- _ACTION ITEM_
Starting with the line that contains "Pichwai Kalash and", copy out each line through the end of the entries below, exactly as written, and nothing else.

- _DATA TO PROCESS_

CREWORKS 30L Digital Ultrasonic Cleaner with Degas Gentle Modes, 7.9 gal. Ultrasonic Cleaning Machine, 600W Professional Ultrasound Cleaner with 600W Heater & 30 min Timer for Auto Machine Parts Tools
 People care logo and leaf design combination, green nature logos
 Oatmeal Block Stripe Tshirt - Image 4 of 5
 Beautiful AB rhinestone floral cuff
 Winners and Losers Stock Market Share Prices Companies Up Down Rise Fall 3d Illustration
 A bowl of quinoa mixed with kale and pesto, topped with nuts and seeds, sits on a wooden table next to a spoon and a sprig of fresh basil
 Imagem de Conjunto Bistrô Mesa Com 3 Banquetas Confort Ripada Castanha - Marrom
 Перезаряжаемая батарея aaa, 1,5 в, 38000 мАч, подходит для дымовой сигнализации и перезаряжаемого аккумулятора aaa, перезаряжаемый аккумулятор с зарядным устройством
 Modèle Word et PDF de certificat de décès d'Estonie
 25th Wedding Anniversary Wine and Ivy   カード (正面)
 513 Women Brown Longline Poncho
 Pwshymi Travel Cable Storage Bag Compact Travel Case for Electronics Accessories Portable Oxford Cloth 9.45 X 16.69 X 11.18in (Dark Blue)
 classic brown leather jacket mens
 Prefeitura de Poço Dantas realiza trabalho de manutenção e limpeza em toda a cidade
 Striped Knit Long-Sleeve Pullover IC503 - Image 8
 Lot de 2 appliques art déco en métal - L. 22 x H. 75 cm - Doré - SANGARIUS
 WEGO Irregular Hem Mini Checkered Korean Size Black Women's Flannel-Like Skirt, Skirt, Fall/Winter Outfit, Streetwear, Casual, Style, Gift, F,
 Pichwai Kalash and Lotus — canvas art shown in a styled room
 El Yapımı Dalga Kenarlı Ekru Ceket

- _PROBLEM SOLUTION_
 Pichwai Kalash and Lotus — canvas art shown in a styled room
 El Yapımı Dalga Kenarlı Ekru Ceket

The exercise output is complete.